Dataset excerpts

◆ ◆ ◆ ◆

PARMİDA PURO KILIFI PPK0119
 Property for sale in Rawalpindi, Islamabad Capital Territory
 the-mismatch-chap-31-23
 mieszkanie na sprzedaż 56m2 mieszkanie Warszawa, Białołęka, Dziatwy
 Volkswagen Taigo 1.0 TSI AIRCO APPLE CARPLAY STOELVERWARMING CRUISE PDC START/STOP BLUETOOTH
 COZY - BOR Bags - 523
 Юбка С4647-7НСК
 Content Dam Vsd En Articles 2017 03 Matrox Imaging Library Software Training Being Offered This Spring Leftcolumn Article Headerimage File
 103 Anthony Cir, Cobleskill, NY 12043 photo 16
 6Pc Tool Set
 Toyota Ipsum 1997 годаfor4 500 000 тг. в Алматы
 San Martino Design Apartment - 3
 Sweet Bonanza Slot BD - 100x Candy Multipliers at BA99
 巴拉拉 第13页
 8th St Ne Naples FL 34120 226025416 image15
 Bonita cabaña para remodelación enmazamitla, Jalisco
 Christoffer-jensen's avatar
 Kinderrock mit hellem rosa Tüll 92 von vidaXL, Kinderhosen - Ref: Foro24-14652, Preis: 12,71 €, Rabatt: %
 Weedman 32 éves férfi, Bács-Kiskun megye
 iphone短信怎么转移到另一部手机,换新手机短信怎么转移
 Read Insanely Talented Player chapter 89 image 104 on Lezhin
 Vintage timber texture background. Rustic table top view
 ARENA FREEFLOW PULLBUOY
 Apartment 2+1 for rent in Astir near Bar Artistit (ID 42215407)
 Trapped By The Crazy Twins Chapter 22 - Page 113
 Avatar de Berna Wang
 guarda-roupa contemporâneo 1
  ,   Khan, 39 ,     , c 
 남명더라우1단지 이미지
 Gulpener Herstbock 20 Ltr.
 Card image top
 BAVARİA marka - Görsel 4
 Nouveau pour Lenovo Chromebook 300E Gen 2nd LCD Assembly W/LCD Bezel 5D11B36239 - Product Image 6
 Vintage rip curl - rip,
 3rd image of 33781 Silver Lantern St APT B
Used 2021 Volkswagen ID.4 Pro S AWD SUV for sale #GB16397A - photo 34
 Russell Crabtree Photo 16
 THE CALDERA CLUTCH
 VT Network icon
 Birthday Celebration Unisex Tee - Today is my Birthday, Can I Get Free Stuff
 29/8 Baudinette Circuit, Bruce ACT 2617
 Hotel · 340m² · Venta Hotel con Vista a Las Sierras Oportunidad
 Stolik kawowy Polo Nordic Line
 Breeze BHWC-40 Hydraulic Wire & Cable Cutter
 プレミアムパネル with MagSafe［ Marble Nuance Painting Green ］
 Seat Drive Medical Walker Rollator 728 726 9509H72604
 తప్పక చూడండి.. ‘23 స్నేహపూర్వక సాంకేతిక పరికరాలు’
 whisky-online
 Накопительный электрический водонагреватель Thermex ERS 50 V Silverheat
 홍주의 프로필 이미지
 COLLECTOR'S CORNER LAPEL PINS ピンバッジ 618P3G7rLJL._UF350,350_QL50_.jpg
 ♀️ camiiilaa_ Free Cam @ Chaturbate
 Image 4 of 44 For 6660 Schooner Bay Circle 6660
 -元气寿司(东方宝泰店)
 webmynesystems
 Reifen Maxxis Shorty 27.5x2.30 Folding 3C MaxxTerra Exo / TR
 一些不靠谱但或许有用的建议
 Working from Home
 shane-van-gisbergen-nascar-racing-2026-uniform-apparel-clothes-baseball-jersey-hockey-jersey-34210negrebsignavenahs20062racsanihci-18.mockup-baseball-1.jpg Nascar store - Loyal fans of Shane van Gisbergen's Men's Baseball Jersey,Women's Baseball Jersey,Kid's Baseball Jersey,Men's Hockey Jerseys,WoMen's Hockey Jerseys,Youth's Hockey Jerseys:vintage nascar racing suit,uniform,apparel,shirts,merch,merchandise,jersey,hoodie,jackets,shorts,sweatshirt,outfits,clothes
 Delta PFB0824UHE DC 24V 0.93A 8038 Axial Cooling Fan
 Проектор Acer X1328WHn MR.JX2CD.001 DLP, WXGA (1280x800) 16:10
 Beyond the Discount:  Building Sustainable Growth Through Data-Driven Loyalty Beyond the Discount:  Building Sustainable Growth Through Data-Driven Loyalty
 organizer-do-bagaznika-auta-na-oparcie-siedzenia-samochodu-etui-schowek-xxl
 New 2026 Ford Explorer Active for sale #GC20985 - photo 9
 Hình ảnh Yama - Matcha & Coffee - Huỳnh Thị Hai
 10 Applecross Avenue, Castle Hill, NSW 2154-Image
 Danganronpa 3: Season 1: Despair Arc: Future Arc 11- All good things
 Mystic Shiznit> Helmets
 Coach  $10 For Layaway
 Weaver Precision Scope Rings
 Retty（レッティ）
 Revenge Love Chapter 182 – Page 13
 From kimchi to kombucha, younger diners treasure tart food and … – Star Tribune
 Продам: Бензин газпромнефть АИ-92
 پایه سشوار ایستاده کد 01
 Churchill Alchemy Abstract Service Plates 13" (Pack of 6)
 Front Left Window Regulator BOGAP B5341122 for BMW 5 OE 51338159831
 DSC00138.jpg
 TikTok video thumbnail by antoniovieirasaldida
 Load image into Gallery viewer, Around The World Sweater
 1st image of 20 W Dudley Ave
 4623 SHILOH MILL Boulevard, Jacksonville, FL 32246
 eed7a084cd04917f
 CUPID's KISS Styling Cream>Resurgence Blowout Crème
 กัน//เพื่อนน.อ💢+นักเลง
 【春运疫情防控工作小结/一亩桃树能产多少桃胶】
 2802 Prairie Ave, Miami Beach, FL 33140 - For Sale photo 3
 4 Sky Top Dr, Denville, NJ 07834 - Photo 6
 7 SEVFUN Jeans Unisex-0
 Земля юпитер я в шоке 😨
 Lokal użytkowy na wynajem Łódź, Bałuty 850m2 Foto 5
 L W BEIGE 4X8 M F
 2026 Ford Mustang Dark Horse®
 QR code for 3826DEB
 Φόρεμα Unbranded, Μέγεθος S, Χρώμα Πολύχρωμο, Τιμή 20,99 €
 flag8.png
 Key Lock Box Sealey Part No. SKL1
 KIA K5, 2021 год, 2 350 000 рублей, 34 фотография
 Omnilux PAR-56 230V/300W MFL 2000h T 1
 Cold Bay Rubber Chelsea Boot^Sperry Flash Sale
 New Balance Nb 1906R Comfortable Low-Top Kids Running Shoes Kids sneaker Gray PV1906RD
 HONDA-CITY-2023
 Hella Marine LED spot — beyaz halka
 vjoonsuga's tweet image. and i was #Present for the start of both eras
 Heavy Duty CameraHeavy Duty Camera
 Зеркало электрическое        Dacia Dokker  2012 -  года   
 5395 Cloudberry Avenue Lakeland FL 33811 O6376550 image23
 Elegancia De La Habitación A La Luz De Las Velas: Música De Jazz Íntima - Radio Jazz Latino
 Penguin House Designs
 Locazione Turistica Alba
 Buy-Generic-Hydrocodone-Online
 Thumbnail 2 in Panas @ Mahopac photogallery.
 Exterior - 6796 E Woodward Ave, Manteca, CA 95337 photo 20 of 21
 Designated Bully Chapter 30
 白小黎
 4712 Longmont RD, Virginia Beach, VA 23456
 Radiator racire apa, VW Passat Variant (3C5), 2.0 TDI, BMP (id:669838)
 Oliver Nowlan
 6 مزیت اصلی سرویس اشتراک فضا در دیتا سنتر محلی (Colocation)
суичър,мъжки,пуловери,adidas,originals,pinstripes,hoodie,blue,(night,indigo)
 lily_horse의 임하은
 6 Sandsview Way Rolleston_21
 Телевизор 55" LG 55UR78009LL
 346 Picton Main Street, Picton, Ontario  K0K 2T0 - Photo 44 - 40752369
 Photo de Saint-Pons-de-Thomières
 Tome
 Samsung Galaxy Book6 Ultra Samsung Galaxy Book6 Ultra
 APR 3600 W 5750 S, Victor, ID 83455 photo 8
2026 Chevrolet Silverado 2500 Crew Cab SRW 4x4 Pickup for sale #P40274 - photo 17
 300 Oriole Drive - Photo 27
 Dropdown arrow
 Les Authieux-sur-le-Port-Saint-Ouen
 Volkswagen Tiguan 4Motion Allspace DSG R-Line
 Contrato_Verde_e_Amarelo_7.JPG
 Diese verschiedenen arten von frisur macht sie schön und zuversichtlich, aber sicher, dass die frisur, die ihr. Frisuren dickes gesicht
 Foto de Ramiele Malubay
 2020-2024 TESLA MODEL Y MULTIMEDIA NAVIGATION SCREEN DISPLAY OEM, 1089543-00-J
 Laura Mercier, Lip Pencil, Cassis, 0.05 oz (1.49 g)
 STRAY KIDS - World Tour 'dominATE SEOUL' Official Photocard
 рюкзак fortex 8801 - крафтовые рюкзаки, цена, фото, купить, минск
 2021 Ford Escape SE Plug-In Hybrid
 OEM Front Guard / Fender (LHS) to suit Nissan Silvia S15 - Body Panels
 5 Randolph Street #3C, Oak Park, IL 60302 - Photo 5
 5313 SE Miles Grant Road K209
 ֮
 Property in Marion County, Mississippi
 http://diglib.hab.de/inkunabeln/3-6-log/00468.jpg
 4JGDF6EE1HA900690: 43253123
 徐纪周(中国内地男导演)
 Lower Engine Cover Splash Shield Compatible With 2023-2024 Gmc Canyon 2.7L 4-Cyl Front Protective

◆ ◆ ◆ ◆

* Required action *
Reproduce, character for character, only the lines of the preceding data that start at the line with "Heavy Duty CameraHeavy Duty Camera" and end at the line with "APR 3600 W 5750 S, Victor, ID 83455 photo 8", both included.

* Solution to the problem *
 Heavy Duty CameraHeavy Duty Camera
 Зеркало электрическое        Dacia Dokker  2012 -  года   
 5395 Cloudberry Avenue Lakeland FL 33811 O6376550 image23
 Elegancia De La Habitación A La Luz De Las Velas: Música De Jazz Íntima - Radio Jazz Latino
 Penguin House Designs
 Locazione Turistica Alba
 Buy-Generic-Hydrocodone-Online
 Thumbnail 2 in Panas @ Mahopac photogallery.
 Exterior - 6796 E Woodward Ave, Manteca, CA 95337 photo 20 of 21
 Designated Bully Chapter 30
 白小黎
 4712 Longmont RD, Virginia Beach, VA 23456
 Radiator racire apa, VW Passat Variant (3C5), 2.0 TDI, BMP (id:669838)
 Oliver Nowlan
 6 مزیت اصلی سرویس اشتراک فضا در دیتا سنتر محلی (Colocation)
суичър,мъжки,пуловери,adidas,originals,pinstripes,hoodie,blue,(night,indigo)
 lily_horse의 임하은
 6 Sandsview Way Rolleston_21
 Телевизор 55" LG 55UR78009LL
 346 Picton Main Street, Picton, Ontario  K0K 2T0 - Photo 44 - 40752369
 Photo de Saint-Pons-de-Thomières
 Tome
 Samsung Galaxy Book6 Ultra Samsung Galaxy Book6 Ultra
 APR 3600 W 5750 S, Victor, ID 83455 photo 8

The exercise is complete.